R for Web Data: Mining Insights from Websites

Extract Movie Data from IMDB: A Guide with rvest

January 03, 2024

Intro of the post

We are searching data from IMDB Comedy TV series that have 5.0 or above ratings. This post gives you an insight baout how scarping the names, years and synopsis of the top 100 comedy movies at the IMDB. Web scraping provides a convenient method for retrieving information from websites lacking an API or offering direct data access.

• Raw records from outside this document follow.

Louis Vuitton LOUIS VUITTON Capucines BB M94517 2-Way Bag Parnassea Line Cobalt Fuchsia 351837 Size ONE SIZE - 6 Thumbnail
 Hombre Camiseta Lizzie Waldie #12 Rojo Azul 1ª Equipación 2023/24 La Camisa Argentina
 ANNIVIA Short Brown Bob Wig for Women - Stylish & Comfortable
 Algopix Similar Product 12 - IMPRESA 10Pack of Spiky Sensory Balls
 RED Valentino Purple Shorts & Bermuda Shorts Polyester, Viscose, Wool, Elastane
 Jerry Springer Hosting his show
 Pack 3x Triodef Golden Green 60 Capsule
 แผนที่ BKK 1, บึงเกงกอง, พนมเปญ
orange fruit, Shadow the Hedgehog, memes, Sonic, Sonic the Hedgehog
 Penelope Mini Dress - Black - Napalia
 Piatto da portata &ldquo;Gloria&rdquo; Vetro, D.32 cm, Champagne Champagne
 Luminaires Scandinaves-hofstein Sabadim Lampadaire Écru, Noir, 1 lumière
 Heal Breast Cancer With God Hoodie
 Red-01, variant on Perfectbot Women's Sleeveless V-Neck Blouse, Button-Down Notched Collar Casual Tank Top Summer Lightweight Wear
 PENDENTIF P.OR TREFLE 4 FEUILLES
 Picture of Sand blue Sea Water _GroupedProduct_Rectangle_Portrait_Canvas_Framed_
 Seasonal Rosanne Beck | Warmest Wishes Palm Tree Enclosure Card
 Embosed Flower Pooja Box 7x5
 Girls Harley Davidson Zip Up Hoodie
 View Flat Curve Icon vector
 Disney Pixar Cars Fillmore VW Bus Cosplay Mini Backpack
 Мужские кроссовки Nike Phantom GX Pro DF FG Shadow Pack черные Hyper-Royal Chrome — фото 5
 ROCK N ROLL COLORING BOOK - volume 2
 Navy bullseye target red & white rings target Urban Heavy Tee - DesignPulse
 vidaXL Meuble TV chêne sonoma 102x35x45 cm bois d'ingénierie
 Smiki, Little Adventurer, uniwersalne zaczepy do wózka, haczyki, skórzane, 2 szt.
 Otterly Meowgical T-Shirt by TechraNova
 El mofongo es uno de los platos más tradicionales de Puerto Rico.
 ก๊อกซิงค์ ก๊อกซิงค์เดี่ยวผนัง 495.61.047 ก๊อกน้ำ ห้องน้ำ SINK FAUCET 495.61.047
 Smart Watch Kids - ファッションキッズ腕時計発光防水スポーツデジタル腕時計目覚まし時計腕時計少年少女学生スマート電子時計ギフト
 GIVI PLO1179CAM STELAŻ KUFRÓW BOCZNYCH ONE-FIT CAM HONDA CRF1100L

This guide will explain the process of extracting details such as names, years, ratings, and synopses from the top 100 adventure movies on IMDb.

Install required packages

install.packages("rvest")
install.packages("dplyr")

The Web page of IMDB

IMDB Page

Load libraries

library(rvest)
library(dplyr)

Read the web page

link = "https://www.imdb.com/search/title/?title=Comedy&title_type=tv_series&user_rating=5,"
page = read_html(link)

Scrape the data

name = page %>% html_nodes(".lister-item-header a") %>% html_text()
year = page %>% html_nodes(".text-muted.unbold") %>% html_text()
rating = page %>% html_nodes(".ratings-imdb-rating strong") %>% html_text()
synopsis = page %>% html_nodes(".ratings-bar+ .text-muted") %>% html_text()

Convert data to a data frame

movies = data.frame(name, year, rating, synopsis, stringsAsFactors = FALSE)

Write to CSV

write.csv(movies, “movies.csv”, row.names = FALSE)